Humanity's Best and Worst Inventions of All Time

It's time for my first annual review of the Best and Worst Inventions in the History of the Human Race.

Let's start with the WORST:

1) The Debit Card. Whether you're swiping it for $145 worth of groceries at Hannaford or for a soda and a bag of chips at the Blue Canoe, never has there been a more convenient way for someone to suck all the money out of your bank account in a matter of seconds.

Do you feel secure punching in your PIN number as complete strangers stand just a few feet away, and a store surveillance camera watches your every move?

And does it irritate you when people say “PIN number,” even though PIN already stands for “Personal Identification Number?” There are all kinds of educated people going around mentioning their “Personal Identification Number Number” and their Vehicle Identification Number Number (VIN).

Get a clue, people.

2) Woman's Day magazine. This publication survives on disease and fear. It should be renamed “Hypochondriac's Day.”

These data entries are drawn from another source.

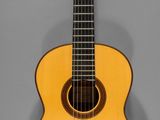 un gros plan d'une guitare sur fond gris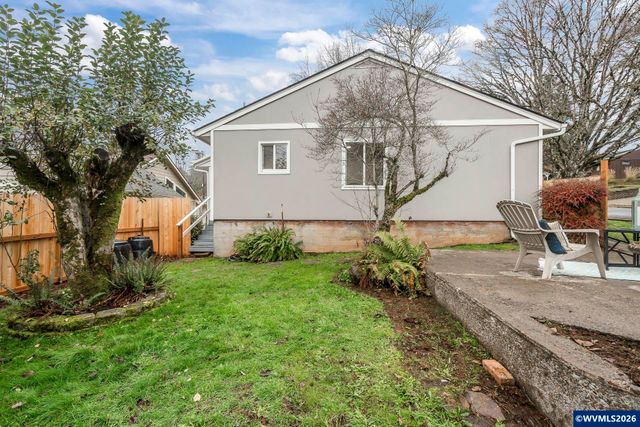 790 Hansen Dr S, Salem, OR 97302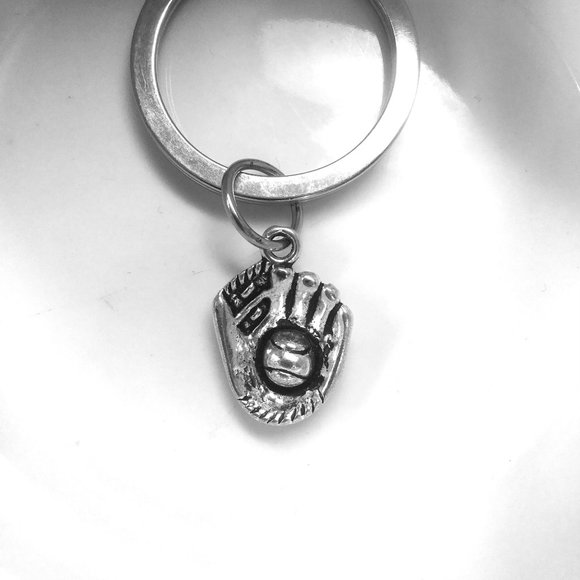 Miniature Baseball Glove Team Player Game Charm Gift Keyring Keychain - Picture 2 of 3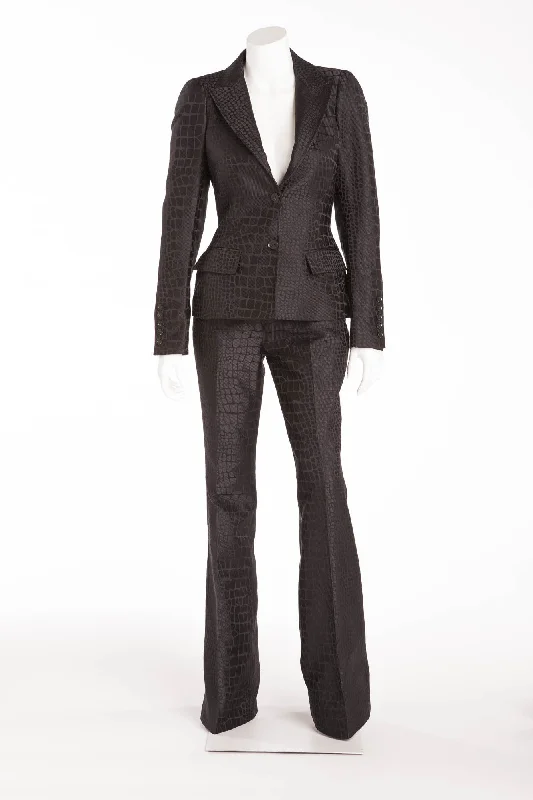 Casual Fit Simple Chic Pieces Roberto Cavalli - 2PC Black Alligator Print Pant Suit with Blazer - IT 42 Casual Fit Simple Chic Pieces Roberto Cavalli - 2PC Black Alligator Print Pant Suit with Blazer - IT 42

The 110-page February issue had 16 different full-page ads for medication for everything from cholesterol to constipation.

Other pages shill unhealthy foods, like Spahetti-O's, or products with known disease-causing toxins, such as bleach, candy, and Thomas Kinkade paintings.

Meanwhile, a featured article enumerated 50 different health risks, including eight things that make you more likely to get cancer, such as driving, drinking, eating, having a mother with wide hips, and getting too many mammograms.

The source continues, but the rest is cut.